Small-scale technology tests by the U.S. and Japan in the North Slope of Alaska have extracted a steady flow of natural gas from methane hydrates, the U.S. Department of Energy (DOE) said on Wednesday. If new research efforts to conduct long-term production tests in the Arctic and Gulf Coast are successful, they could unlock a “vast, entirely untapped resource” that would hold significant enormous potential for U.S. energy security, the agency said.

Methane hydrates are 3D ice-lattice structures with natural gas locked inside, found both onshore and offshore—including under the Arctic permafrost and in ocean sediments along nearly every continental shelf in the world.  “The substance looks remarkably like white ice, but it does not behave like ice,” the DOE said. When methane hydrate is “melted,” or exposed to pressure and temperature conditions outside those where it is stable, the solid crystalline lattice turns to liquid water, and the enclosed methane molecules are released as gas.

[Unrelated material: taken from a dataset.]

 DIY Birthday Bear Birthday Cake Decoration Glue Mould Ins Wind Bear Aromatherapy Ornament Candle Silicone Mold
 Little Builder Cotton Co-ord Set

The agency partnered with ConocoPhillips and the Japan Oil, Gas and Metals National Corporation to conduct a test of natural gas extraction from methane hydrate using a production technology developed through laboratory collaboration between the University of Bergen, Norway, and ConocoPhillips.  The ongoing proof-of-concept test began on Feb. 15, 2012, and concluded on April 10.

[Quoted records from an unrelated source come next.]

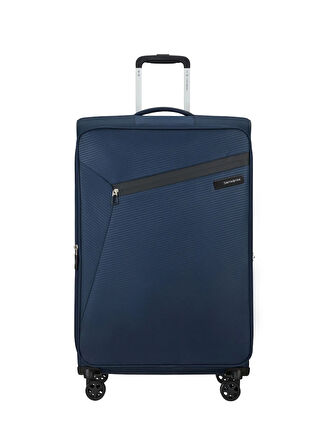 Samsonite Lacivert Çekçekli Kumaş Valiz LITEBEAM-SPINNER 77/28 EXP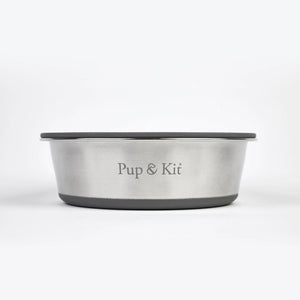 Pup & Kit Stainless Steel Pet Bowl with Stay Fresh Lid - Plastic Freedom
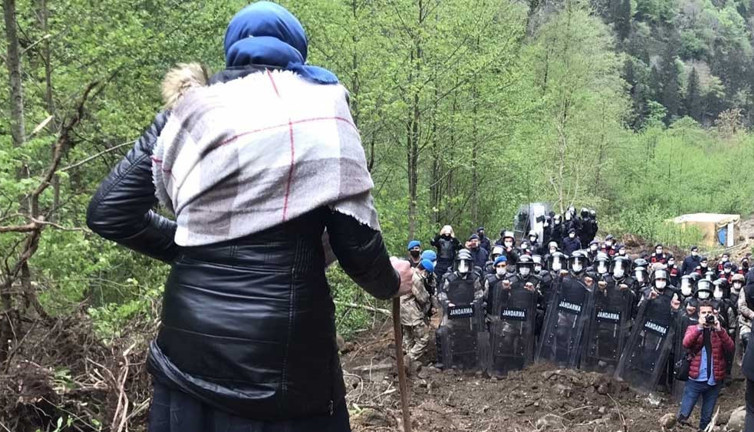 Bu duruşuyla direnişin simgesi oldu. Doğa katliamı dünya basınında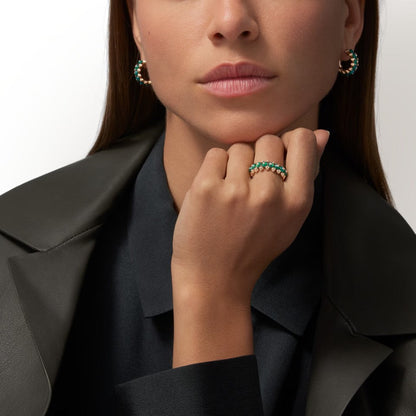 [LOXURA]CLASH 7.9MM AGATE CHALCEDONY RING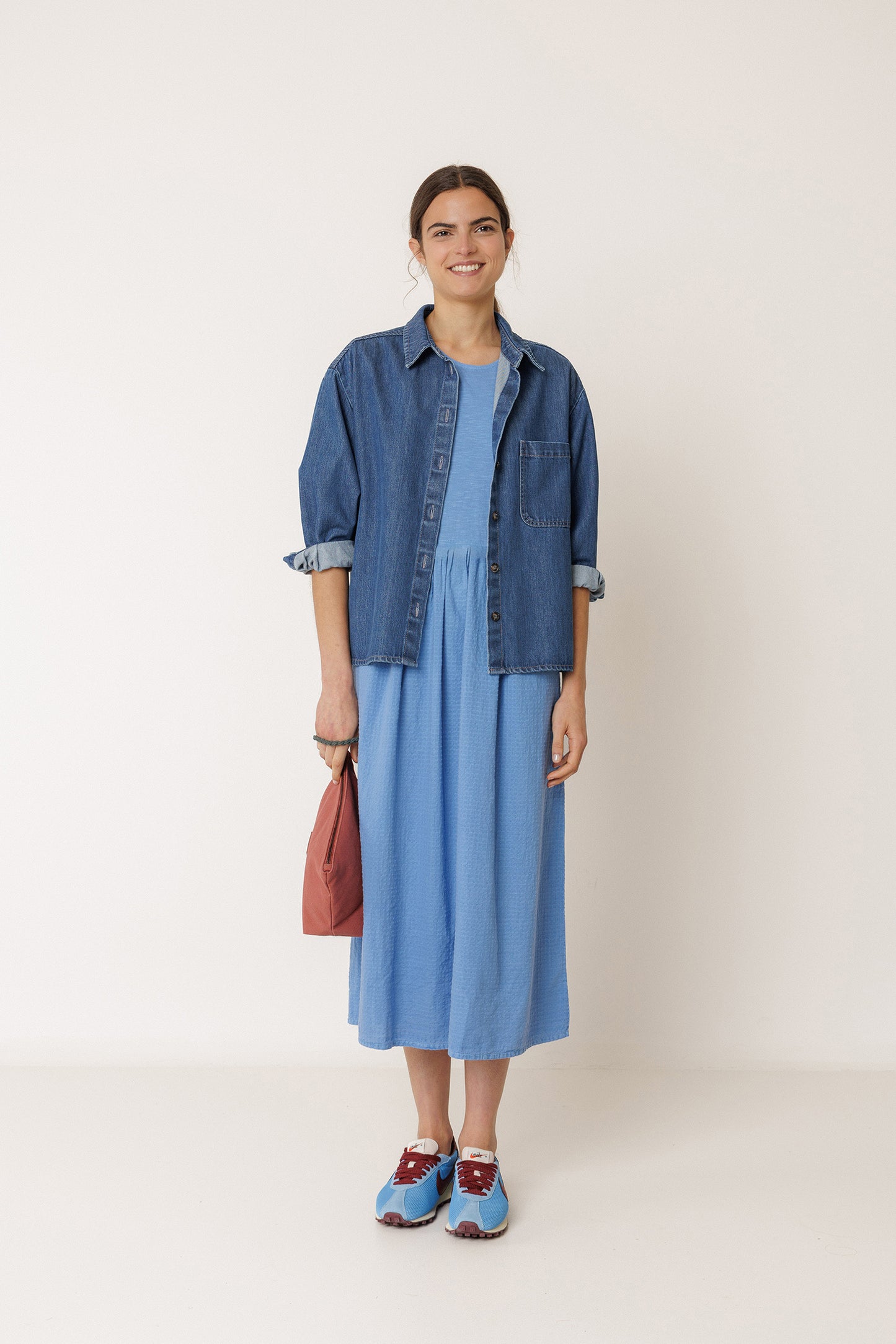 COMBINATION MIDI DRESS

The team injected a mixture of carbon dioxide (CO2) and nitrogen into the formation, and demonstrated that this mixture could promote the production of natural gas.  Ongoing analyses of the extensive datasets acquired at the field site will be needed to determine the efficiency of simultaneous CO2 storage in the reservoirs, the DOE said.

This test was the first ever field trial of a methane hydrate production methodology whereby CO2 was exchanged in situ with the methane molecules within a methane hydrate structure.  As part of this exchange demonstration, the depressurization (i.e., production through decreasing pressure of the deposit) phase of the test extended for 30 days.  The prior longest-duration field test of methane hydrate extraction via depressurization was six days (Japan-Canada 2007/2008 Mallik well testing program).

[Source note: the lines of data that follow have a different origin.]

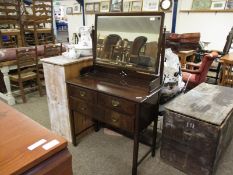 EARLY 20TH CENTURY DRESSING TABLE, WIDTH APPROX 92CM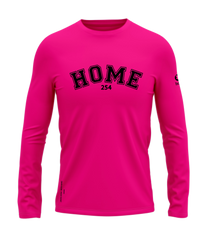 Long Sleeve College Tee - Hot Pink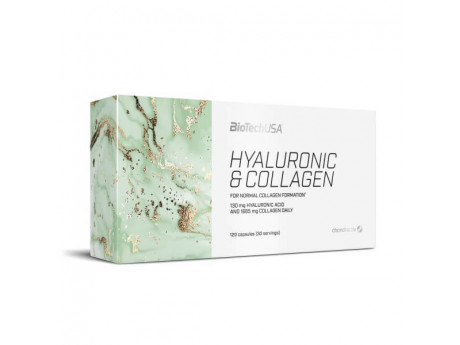 Hyaluronic & Collagen Biotech USA (120 капсул)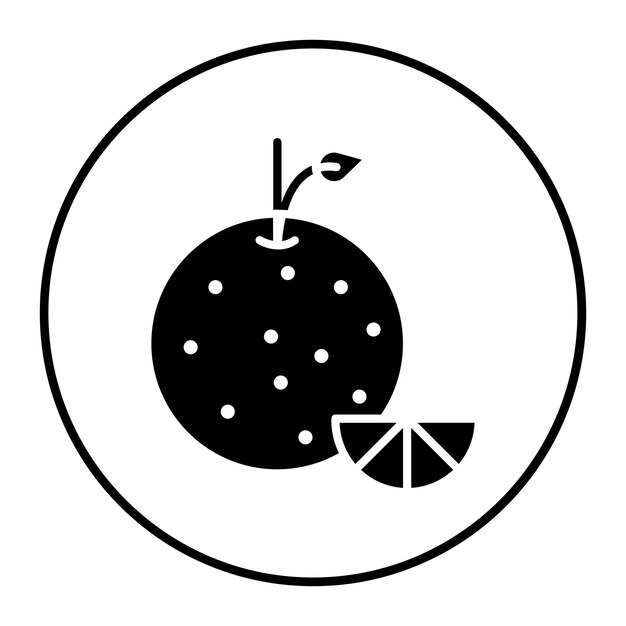 Ilustración vectorial naranja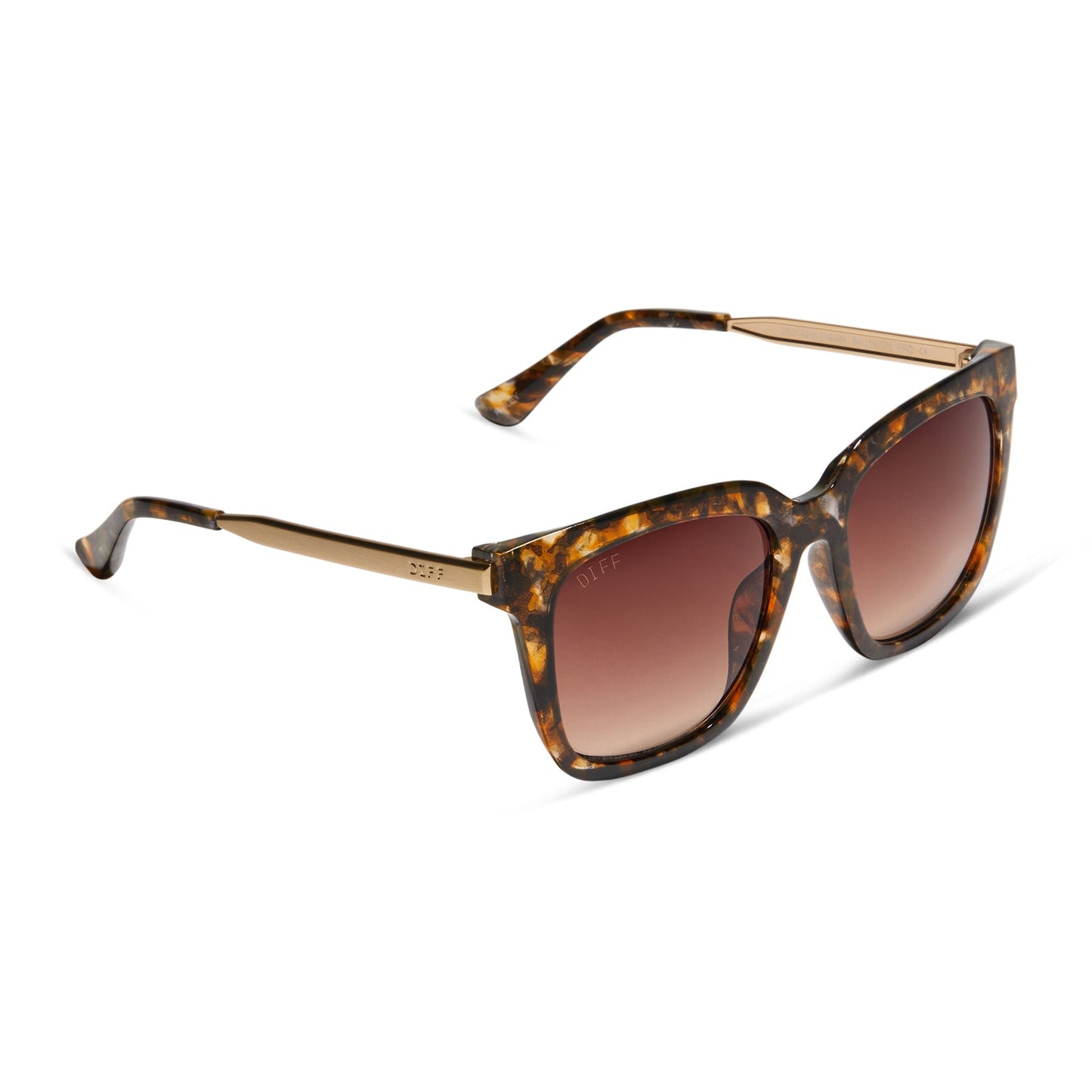 HAILEY - DUNMOR TORTOISE + BROWN GRADIENT SUNGLASSES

“This testing will provide critical information to advance the Department’s efforts to evaluate various potential gas hydrate production technologies,” the DOE said. “The next stages of the Department’s research effort will be aimed in part at evaluating gas hydrate production over longer durations, likely through depressurization, with the eventual goal of making sustained production economically viable.”

While this may take years to accomplish, “the same could be said of the early shale gas research and technology demonstration efforts that the Department backed in the 1970s and 1980s,” the agency said.

“The Energy Department’s long term investments in shale gas research during the 70s and 80s helped pave the way for today’s boom in domestic natural gas production that is projected to cut the cost of natural gas by 30 percent by 2025 while creating thousands of American jobs,” said Secretary Chu.  “While this is just the beginning, this research could potentially yield significant new supplies of natural gas.”

On Wednesday, the DOE announced two major new steps in the overall methane hydrate research effort. First, it will make $6.5 million available in a Fiscal Year 2012 Funding Opportunity Announcement for research into technologies to locate, characterize and safely extract natural gas from methane hydrate formations like those in the Arctic and along the U.S. Gulf Coast.  Projects will address deepwater gas hydrate characterization via direct sampling and/or remote sensing field programs; new tools and methods for monitoring, collecting, and analyzing data to determine reservoir response and environmental impacts related to methane hydrate production; and clarifying methane hydrates role in the environment, including responses to warming climates.

As part of the Obama administration’s proposal for Fiscal Year 2013, the DOE will also request an additional $5 million to further gas hydrates research both domestically, and in collaboration with international partners.  “The exact nature of that research effort will be determined in the coming months; however, a longer duration test of methane hydrate extraction on the North Slope on an existing gravel bed pad that can accommodate year-round operations is envisioned.  Such an effort would again require engaging private sector and international partners,” it said.